Полная версия
Дух народа Арху. Том 1. Спасение небесного волка
– Сюда, – шепнул он.
– Богачи, – выдохнул Симирес, его глаза загорелись.
– Оружие готовь, – сказал Димит, его меч сверкнул. – Могут быть стражи.
Трое, сжимая клинки, прокрались во двор, где пальмы и фонтан молчали в мертвой тишине. Рогатые рванули к дому, но Юсафа остановил их.
– Не туда, – прошипел он. – Белая дверь. Молельня.
– Хранят ценное в храмах, как у нас, – шепнул Димит.
Юсафа жестом велел следовать. У белой двери он толкнул створку, шагнул внутрь с правой ноги, убедившись, что комната пуста. Рогатые вошли следом. Четыре фитиля горели по углам, их свет падал на белые стены. В дальнем углу, на деревянном возвышении, лежал каменный диск. Юсафа бросился к нему, его пальцы бережно сжали находку.
– Вот оно, – выдохнул он.
– Покажи, – буркнул Димит, его брови нахмурились.
Юсафа поднял диск. В центре скалился демон, вокруг вились молитвы, вырезанные по часовой стрелке.
– Он спасет нас в чужих землях, – сказал Юсафа.
– Продадим? – спросил Симирес.
– Ни за что, – отрезал Юсафа. – Бесценный.
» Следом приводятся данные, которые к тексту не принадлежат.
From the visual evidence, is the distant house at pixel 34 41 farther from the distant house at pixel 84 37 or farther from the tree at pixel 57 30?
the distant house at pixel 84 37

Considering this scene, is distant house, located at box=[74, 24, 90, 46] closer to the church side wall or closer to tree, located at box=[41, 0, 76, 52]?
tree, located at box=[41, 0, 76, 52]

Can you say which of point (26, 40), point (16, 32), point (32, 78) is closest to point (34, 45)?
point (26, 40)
– Чем? Дождь вызовет? Еду накроет? Старух омолодит?
– Защищает, – ответил Юсафа. – Стрелы и мечи не тронут. В доме хранит семью. Молитвы гонят духов и болезни.
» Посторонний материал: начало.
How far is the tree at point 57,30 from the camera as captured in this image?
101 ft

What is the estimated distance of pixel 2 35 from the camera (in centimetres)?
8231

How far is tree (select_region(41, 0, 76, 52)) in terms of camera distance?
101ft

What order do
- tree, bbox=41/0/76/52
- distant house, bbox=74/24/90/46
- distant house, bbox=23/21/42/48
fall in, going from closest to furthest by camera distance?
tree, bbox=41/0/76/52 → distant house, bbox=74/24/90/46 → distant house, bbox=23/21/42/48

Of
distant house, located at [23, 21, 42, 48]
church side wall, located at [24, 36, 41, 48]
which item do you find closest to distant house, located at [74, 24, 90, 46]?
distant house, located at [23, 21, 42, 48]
Он перевернул диск, показывая письмена.
– Видите? Полон заклятий.
– Как делить будем? – буркнул Димит.
– Ищем еще, – сказал Юсафа. – У богачей их много.
– Иди сам, – огрызнулся Симирес. – Я возвращаюсь.
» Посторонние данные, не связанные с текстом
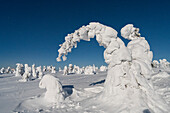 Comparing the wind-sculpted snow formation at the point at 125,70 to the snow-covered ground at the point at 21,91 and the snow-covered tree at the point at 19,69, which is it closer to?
the snow-covered ground at the point at 21,91

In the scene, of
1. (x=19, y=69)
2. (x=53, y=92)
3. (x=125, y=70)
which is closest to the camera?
(x=125, y=70)

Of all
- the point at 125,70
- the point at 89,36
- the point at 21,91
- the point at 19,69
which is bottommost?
the point at 21,91

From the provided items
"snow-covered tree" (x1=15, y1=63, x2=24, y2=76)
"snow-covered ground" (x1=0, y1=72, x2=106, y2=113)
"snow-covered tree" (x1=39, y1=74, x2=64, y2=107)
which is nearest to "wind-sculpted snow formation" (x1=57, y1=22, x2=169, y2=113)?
"snow-covered tree" (x1=39, y1=74, x2=64, y2=107)

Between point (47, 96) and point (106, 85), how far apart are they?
386 centimetres

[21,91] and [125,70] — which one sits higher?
[125,70]

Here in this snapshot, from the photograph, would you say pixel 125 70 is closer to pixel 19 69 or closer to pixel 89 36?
pixel 89 36

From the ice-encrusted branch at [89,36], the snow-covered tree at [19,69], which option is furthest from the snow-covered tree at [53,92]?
the snow-covered tree at [19,69]

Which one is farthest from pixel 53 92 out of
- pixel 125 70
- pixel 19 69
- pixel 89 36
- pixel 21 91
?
pixel 19 69

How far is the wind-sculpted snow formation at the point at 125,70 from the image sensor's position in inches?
245

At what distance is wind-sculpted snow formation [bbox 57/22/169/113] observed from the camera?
6.23m

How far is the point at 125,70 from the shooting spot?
7.20 m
– Мне это не надо, – добавил Димит. – Грабим дом.
– Другое дело, – кивнул Симирес, и рогатые двинулись к дому.
– Стойте! – крикнул Юсафа. – Мне выйти надо!
Рогатые замерли у двери дома.
– Помоги нам, – бросил Димит. – Не за диском шли.
– Почему бежишь? – Симирес прищурился. – Страшно?
– Диск здесь, – сказал Юсафа. – Защищает дом от чужаков. Не начинайте.
– Что, разобьет нам головы? – хмыкнул Димит.
– Не он, но… – начал Юсафа.
– Стой тут, – отрезал Димит, толкнув Симиреса в дом. – Берем ценное и уходим!
Рогатые ворвались в дом, попав в зал с четырьмя дверями.
– Куда? – спросил Симирес, его голос дрогнул.
– Направо, – сказал Димит.
Они вошли в комнату, где ковер устилал пол, но окна сияли пустотой.
– Ничего, – шепнул Димит. – В другую.
Вторая комната, темная, освещалась фитилем. В углу стояла голубая ваза с персиковыми цветами, на стене – полки с утварью. Рогатые кинулись к шкатулкам, кувшинам, но Димит замер.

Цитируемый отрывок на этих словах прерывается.